The next bridge downstream is the Ponte Infante Don Enrique (Infante D. Henrique Bridge), a graceful, modern (2003) concrete, arch-supported, box-girder road bridge.
The most interesting bridge across the Douro River is the Ponte Luís I (Dom Luís I Bridge), opened in 1886 (upper deck) and 1887 (lower deck.)
This bridge was designed by one of the engineers who worked on the Ponte Maria Pia for the Eiffel company, and is a closely related design. The bridge has two decks, one suspended below the arch at the waterfront level, and one set on top of the arch at the cliff-top level, to accomodate the terrain that Porto is built on.
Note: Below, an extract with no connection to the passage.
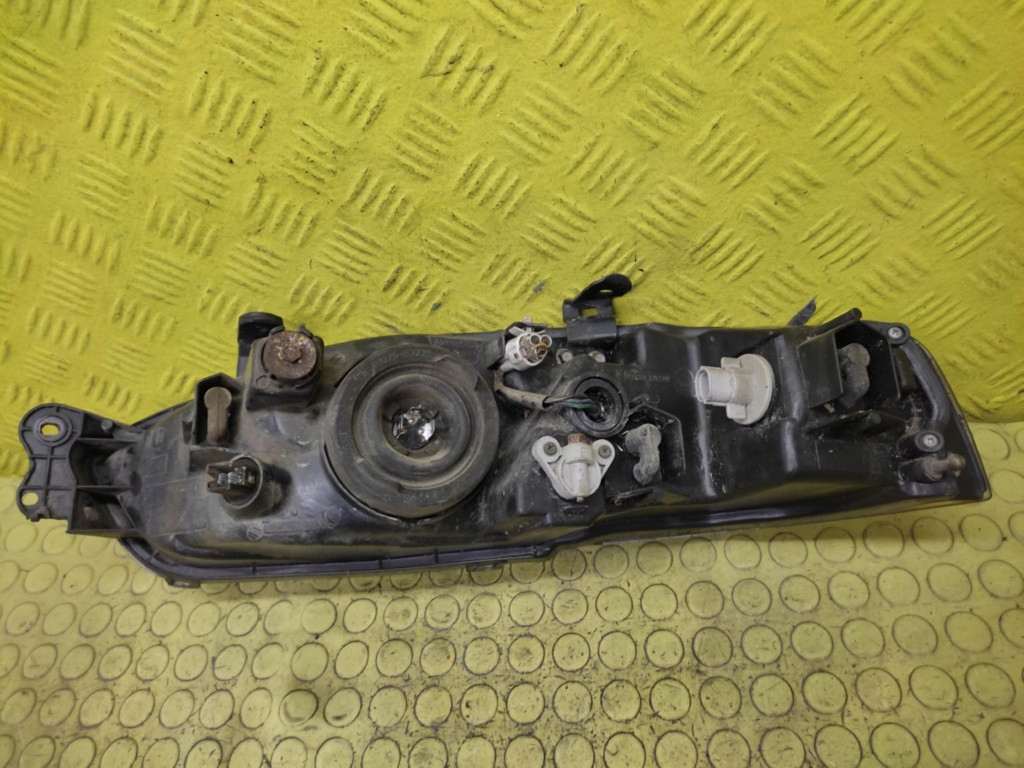 MITSUBISHI COLT V REFLEKTOR light right front 10087279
Originally, both decks were used for a mixture of private and public transport; however in 2003, with the opening of the Ponte Infante Don Enrique, the upper deck has been converted for use by the Metro system, with pedestrian decks.
There's not much separation between the Metro trains and the pedestrians as the train travel across the bridge at 20 to 30 kph, and the tourists are always walking backwards while looking at their camera or smartphone monitors, but I didn't see anyone get run over while I was there.
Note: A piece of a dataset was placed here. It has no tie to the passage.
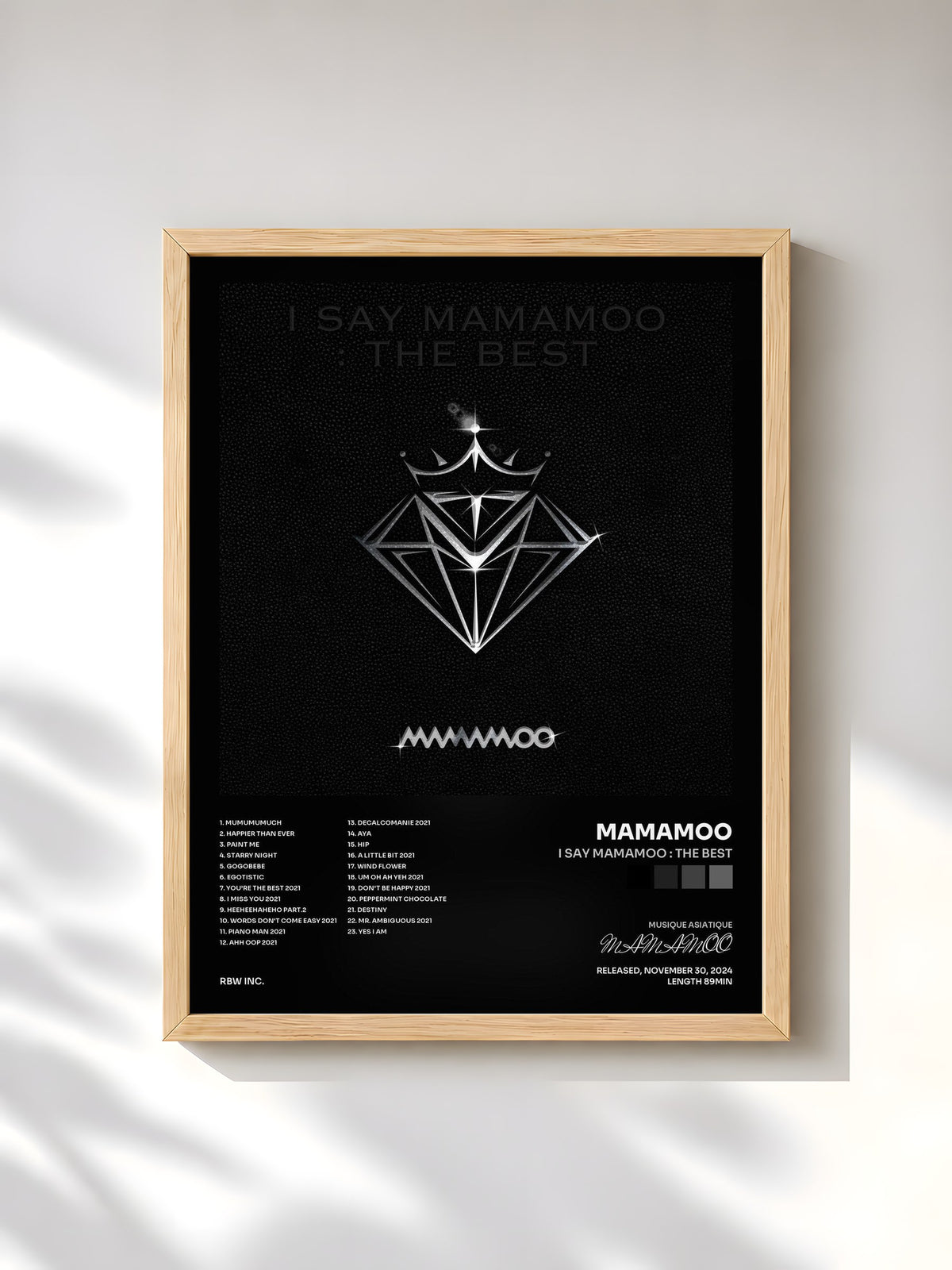 #bois Tableau de l'album I SAY MAMAMOO : THE BEST de MAMAMOO, cadre en bois brut, imprimé et encadré en France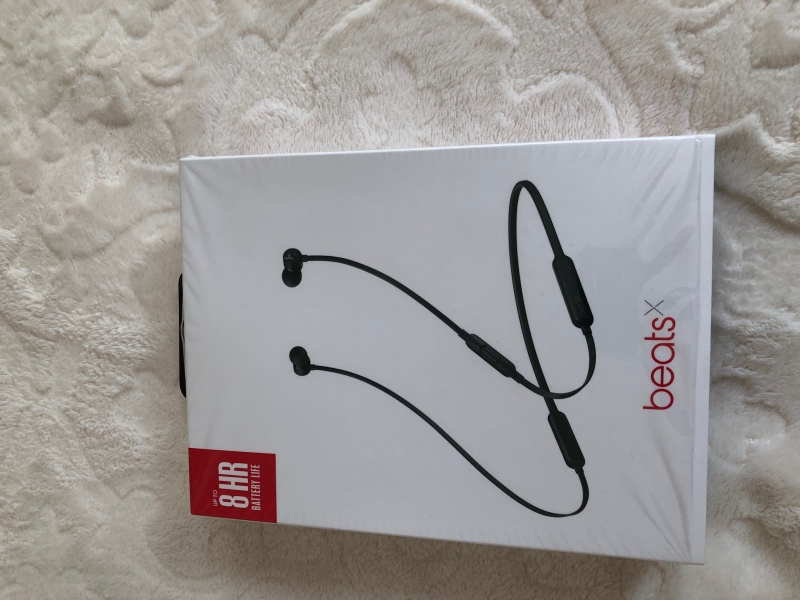   Beats X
The Ponte Luís I, with its backdrop of the old waterfront of Porto, and its position in one of the more spectacular parts of the Douro River gorge, is infinitely photogenic; here's a few more photos of it:
There's lots of Australian gum trees in Portugal, but there's other Australian trees as well. At the Vila de Nova Gaia end of the Ponte Luis I there is a small stand of silky oaks!
The remaining Ponte de Arrábida (Arrábida Bridge) is well downstream fron the main part of Porto, so I didn't get very close to it. It's a concrete arch bridge built in 1963. It carries a major European highway, and so has six traffic lanes. Again, its a spectacular and beautiful bridge, high above the Douro River.
There is one more bridge that forms part of the transport network between Porto and Vila Nova de Gaia, which is too far upstream to be visible from Porto: the Ponte do Friexo (Friexo Bridge.) It, and the Ponte de Arrábida, form part of a ring-road freeway that circumscribes Porto and Vila Nova de Gaia.
The bridges of Porto and Vila Nova de Gaia are perhaps so interesting partly because they are all soaring bridges that terminate on high river banks. They're also an eclectic collection, so that every time another bridge enters your field of view, you are surprised by the visual contrast with the ones that you have seen previously.